Unsere Kontakte haben einen großen Einfluss darauf, wie es uns in unserem persönlichen und im beruflichen Leben geht. Das lässt sich gar nicht trennen. Viele Menschen fühlen sich jedoch damit überfordert Kontakte zu halten und haben eher das Gefühl, dass ihnen das alles über den Kopf wächst.

Genau darüber möchte ich mich heute mit dir unterhalten und dir dabei eine Denkweise anbieten, die helfen kann, das Thema Kontakte neu zu durchdenken.

Foto von Sebastian Pena Lambarri auf Unsplash

Mein Netzwerk-Leben

Da für mich Netzwerke schon seit dem Beginn meiner Selbständigkeit im Jahr 1995 eine große Rolle spielen, hab ich persönlich mit vielen direkten Kontakten bei LinkedIn, Followern bei Instagram, Facebook, X und Co., ehrenamtlicher Netzwerkarbeit in verschiedensten Bereichen als Moderatorin, Vorstandsmitglied, Organisatorin und was weiß ich noch alles eher das Gefühl mich wie ein Fisch im Wasser zu bewegen.
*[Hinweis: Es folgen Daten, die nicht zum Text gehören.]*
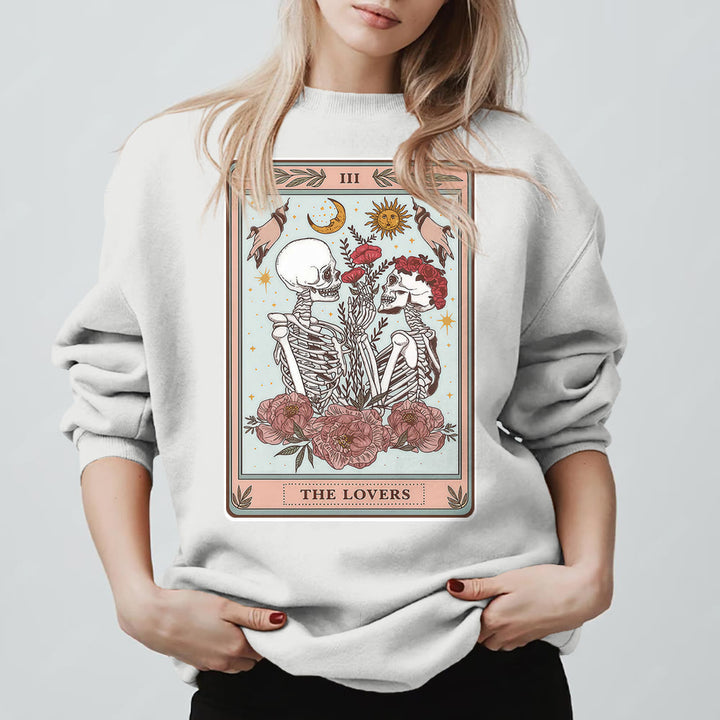 Olivenorma THE LOVER Skull Tarot Card Loose Fit Fleece Pullover Crewneck Sweatshirt - image 6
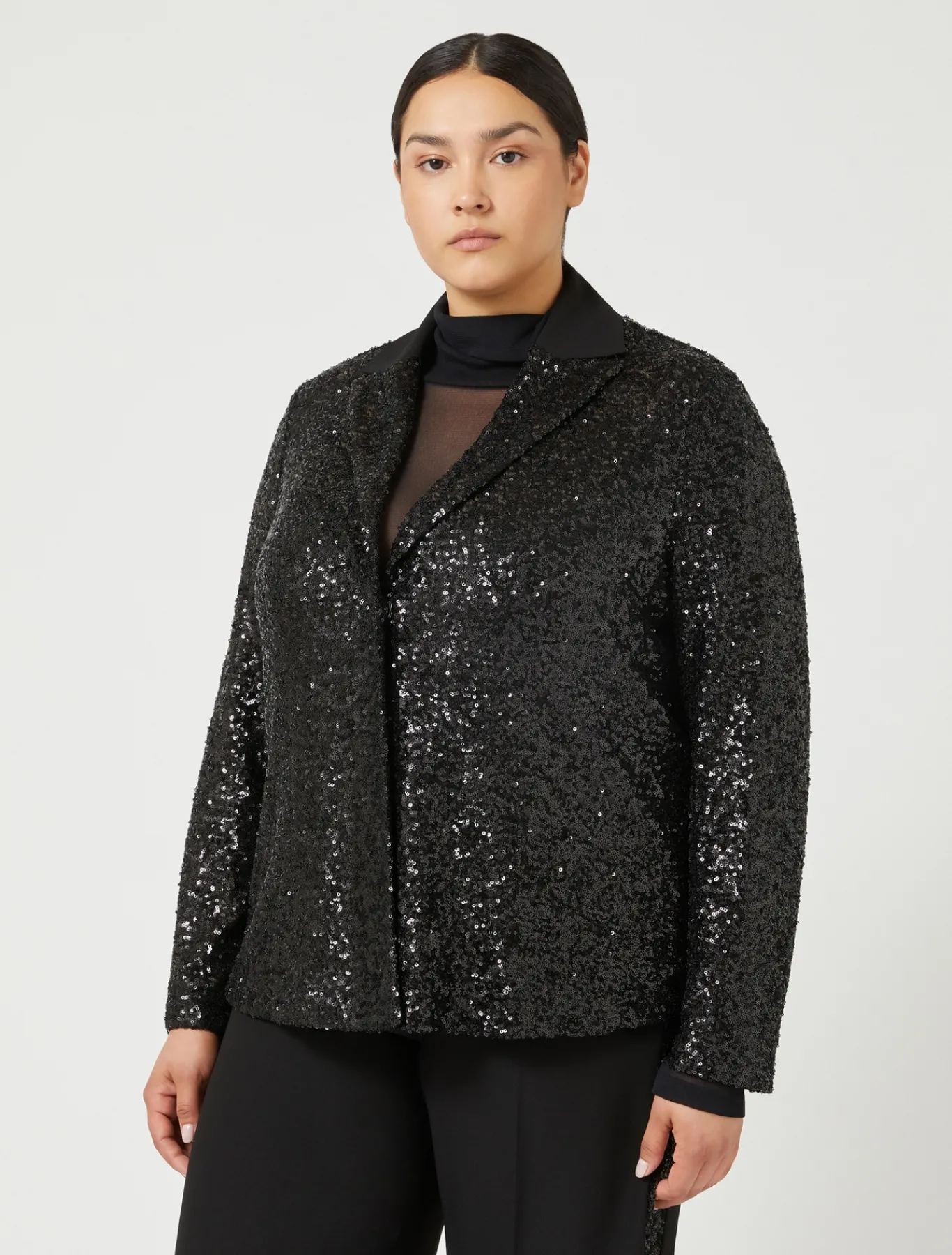Marina Rinaldi Blazer en tissu technique et paillettes NOIR Online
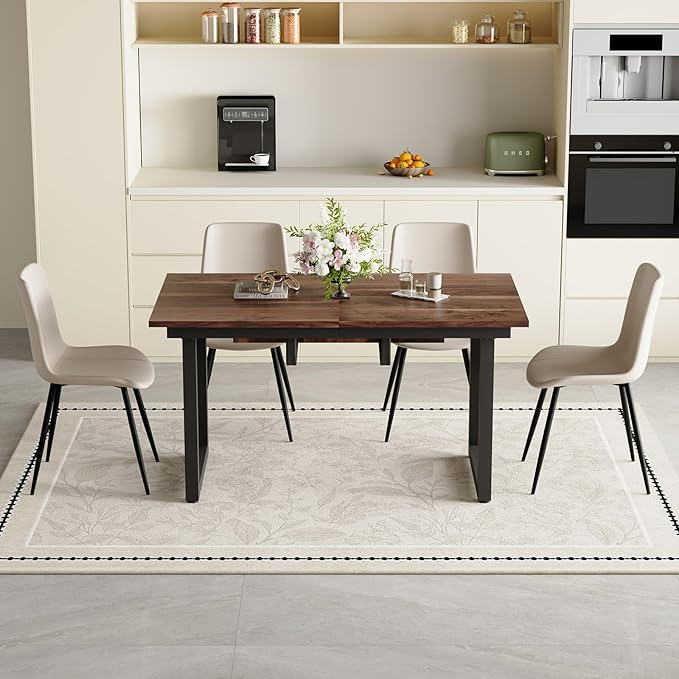 Extendable Dining Table Set for 4, 55"–71" Modern Wood Kitchen Table with 4 Upholstered Chairs, Space-Saving for Living Room Apartment, Sturdy & Comfortable, Easy Assembly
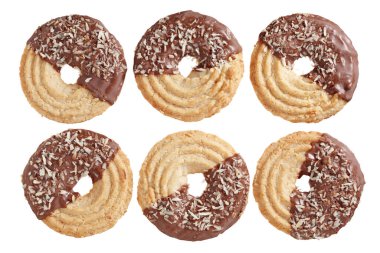 Cookies with coconut and milk chocolate isolated on white background, top view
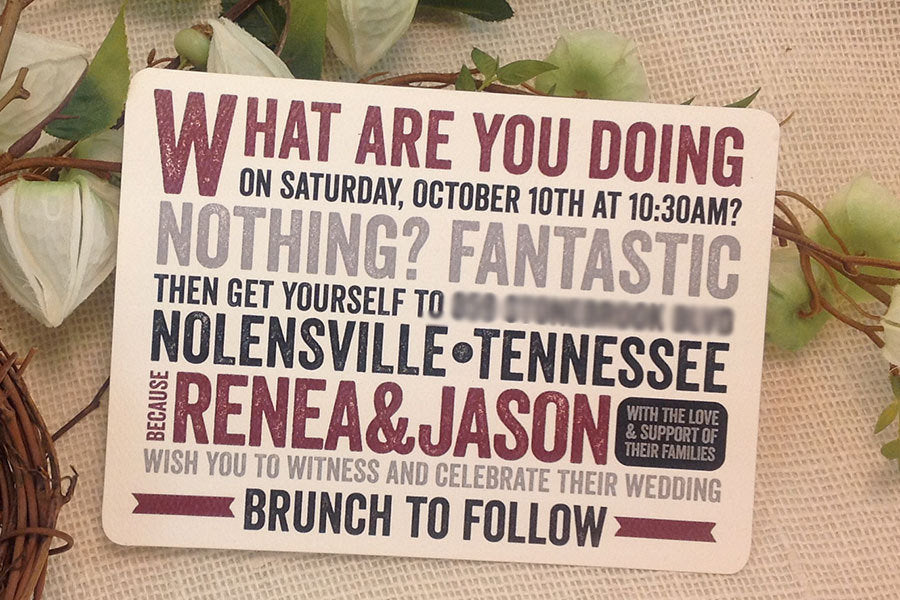 Brunch Wedding 5x7 Invite with Envelope - What Are You Doing Block Letters : Get Started Deposit or DIY Payment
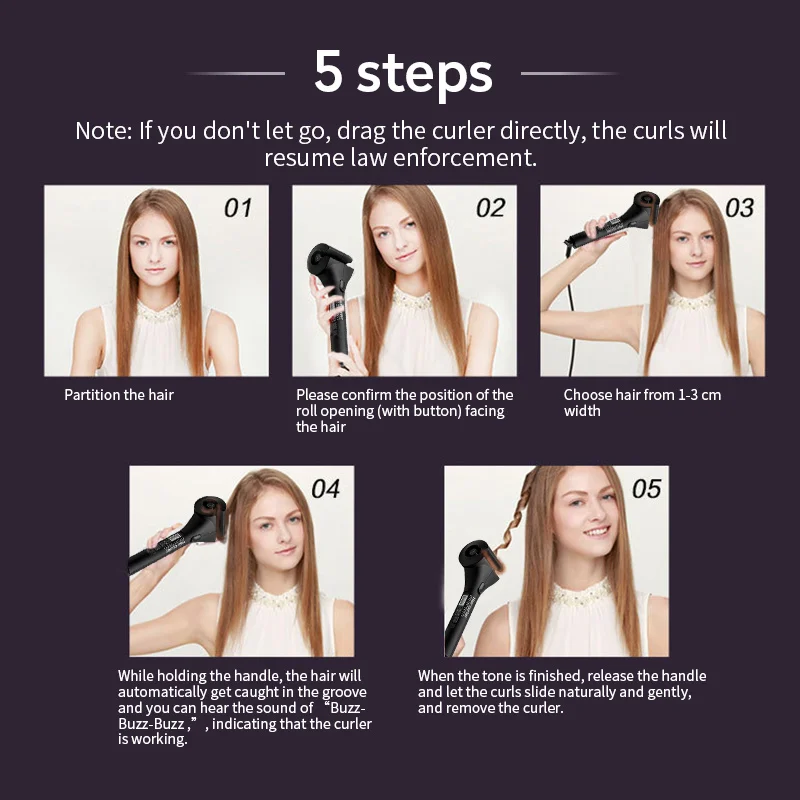 Automatic Hair Curler LCD Screen Magic Curling Iron Portable Travel Ceramic Hot Heating Anti-perm Curl Styler Hair Styling Tools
Mir fällt das meist überhaupt nicht auf, dass ich so viele Leute in meinem Netzwerk habe. Erst wenn ich nach etwas gefragt werde und ich dann gleich ein paar Namen parat habe, sprechen mich die Leute an, wie ich das wohl machen würde. Hm, eine gute Frage.

Spätestens seit dem Buch von Malcom Gladwell ‘Der Tipping Point’ wissen wir, dass es verschiedene Kategorien von Menschen gibt im Hinblick auf Informations- und Netzwerkverhalten. U.a. gibt es den Broker, der Informationen und Kontakte nicht nur sammelt, sondern sie auch gleich weiter gibt.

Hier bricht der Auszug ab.